2. Petitioner's Request That This Court Terminate His Supervised Release Must Be Denied
Petitioner also seeks an order from this Court terminating his supervised release. Only the sentencing court (here, the District Court for the Eastern District of Pennsylvania) has the authority to modify the term of supervised release, and therefore this request for relief must be denied. 18 U.S.C. § 3583(e); see also Burkey, 556 F.3d at 145-46 n. 3 (citing Gozlon-Peretz v. United States, 498 U.S. 395, 400-01 (1991) (under the Sentencing Reform Act, the sentencing court oversees "post[-]confinement monitoring" and may "terminate, extend, or alter the conditions of the term of supervised release prior to its expiration" pursuant to § 3583(e)); United States v. Lussier, 104 F.3d 32, 34-35 (2d Cir. 1997) (under § 3583(e), the sentencing court retains authority to revoke, discharge, or modify terms and conditions of supervised release following its initial imposition of supervised release term)).
3. Petitioner's Motion In Limine
After the Response was filed, Petitioner filed a motion in limine [Docket No. 14] seeking to have the Court disregard consideration of "any evidence or circumstances" regarding matters that occurred after the filing of the habeas petition. For obvious reasons, he does not want the Court to consider the events of June 17, 2009. There is no merit whatsoever to Petitioner's motion. The events that have occurred subsequent to the filing of his petition for writ of habeas corpus are relevant to the resolution of the petition and there is no basis to exclude consideration of those events. C. Certificate of Appealability
Section 102 of the Antiterrorism and Effective Death Penalty Act ( 28 U.S.C. § 2253 (as amended)) codified standards governing the issuance of a certificate of appealability for appellate review of a district court's disposition of a habeas petition.

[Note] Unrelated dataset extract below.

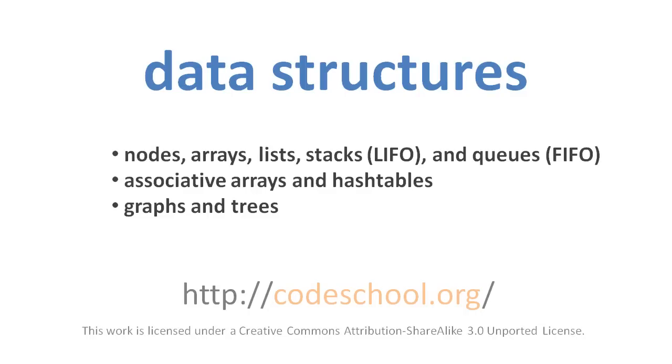If you major in computer science, almost certainly in your first year you'll take a course called something like Intro to Data Structures and Algorithms, which is a course covering the basic collection types most commonly used in code and the various algorithms associated with those collections, primarily searching and sorting algorithms.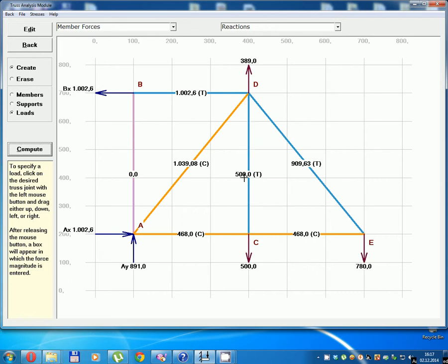DC inner force equals 500, stretching (tension).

Federal prisoner appeals from the denial of a § 2241 habeas corpus proceeding are not governed by the certificate of appealability requirement. United States v. Cepero, 224 F.3d 256, 264-65 (3d Cir. 2000); 28 U.S.C. § 2253(c)(1)(B).
III. CONCLUSION
For the foregoing reasons, this Court will dismiss the petition for writ of habeas corpus as moot. An appropriate Order follows.
ORDER
AND NOW, this 2nd day of December, 2009;IT IS HEREBY ORDERED that the petition for writ of habeas corpus is dismissed as moot. The Clerk of Courts is hereby directed to close this case.
IT IS FURTHER ORDERED that Petitioner's Motion In Limine [Docket No. 14], is denied.